Adele Nyambi, 28, a Mozambican national living in the Rand Airport camp in Germiston, outside Johannesburg, sells eggs and biscuits to earn an income. "I have not packed my bags, I want to stay here. I want compensation from the government," she said.
The High Court in the capital, Pretoria, on 12 August upheld the Gauteng provincial government's decision to dismantle the shelters. "I do not have anywhere to go and I will be killed if I go into the townships, the South Africans hate us," Nyambi said.
Foreign nationals Odinga Mamba, Vasco Mitabele, Kiza Milinga Issa and Davidzo Aabidah Maduviko, from the Consortium for Refugees and Migrants in South Africa, then filed an appeal in the Constitutional Court.
According to media reports, the applicants asked the Constitutional Court to draw up and publish a plan for reintegration of the victims of xenophobic violence within 30 days, and that the government be ordered to implement it within 60 days. Late on 18 August the court was still deliberating whether it should entertain the appeal.
As word spread that the camps would not be closed on 15 August, many migrants heaved a sigh of relief. "They have removed the toilets and the police trucks are waiting to deport us," said one migrant. Police and immigration officials began to disperse on the news that the camp would stay open.
More than 60 people were killed, hundreds were injured, and nearly 20,000 migrants from neighbouring countries were displaced in a wave of xenophobia that began in May 2008, in Gauteng, South Africa's richest province, and spread throughout the country.
An estimated 6,000 migrants, including refugees and asylum seekers, have been housed in the camps. "The numbers have since declined and we are still updating the figures," said Mantshele Tau, a spokesman for the Department of Home Affairs.
He said the department had taken steps to help fast-track applications for refugee status by camps residents. "Some of them were found to illegal and due process is taking place to deport them, while some have qualified for refugee status and will be reintegrated into South African society."
Turned down
Raymond Moyo from Zimbabwe, who had been housed in the Rifle Range camp outside Johannesburg, said his application for asylum had been declined. "There is no reasonable belief that persecution will occur if you return to your country," read a letter signed by a Refugee Status Determination Officer from the Department of Home Affairs.

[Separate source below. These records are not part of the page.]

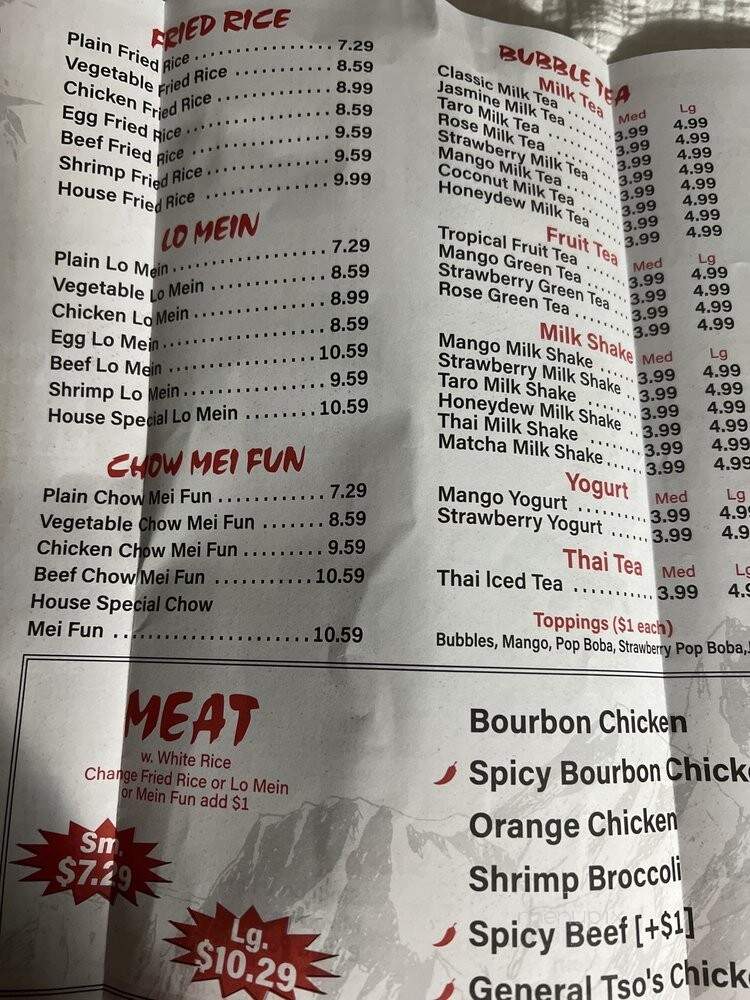 Chinese Gourmet Hibachi Express - Portsmouth, VA menu_pic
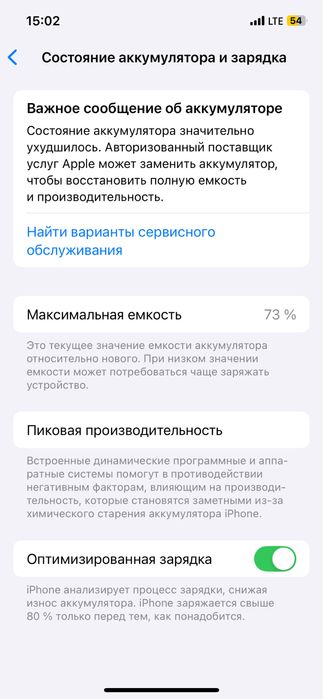 Iphone 12/Айфон 12 64гб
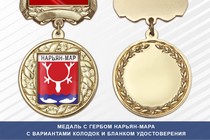 Медаль с гербом города Нарьян-Мара Ненецкий АО с бланком удостоверения
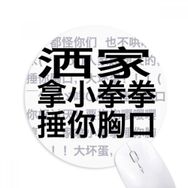 Dıythinker Chinese Online Joke Beat Your Chest Yuvarlak Kaymaz Kauçuk Mousepad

The letter states that he has 30 days to lodge an appeal, but he says he will not do so because he has no money and feels the government just does not want Zimbabweans in South Africa. He said he had nowhere to go and did not know what to do.
The UN refugee agency, UNHCR, is supporting all asylum seekers and undocumented Zimbabweans who would like to reintegrate into local communities through an assistance programme implemented by its partner, the Jesuit Refugee Service (JRS). The non-governmental organisation (NGO) is conducting individual and family needs assessments aimed at providing limited financial support to refugees and asylum seekers.
But Alfred Sambo, 25, from Mozambique, has decided it is time to go home. "I have washed and packed my clothes, I want to go to Mozambique. Some people want to go back to the shacks [in the townships] but I want to go home rather than die in the hands of South Africans."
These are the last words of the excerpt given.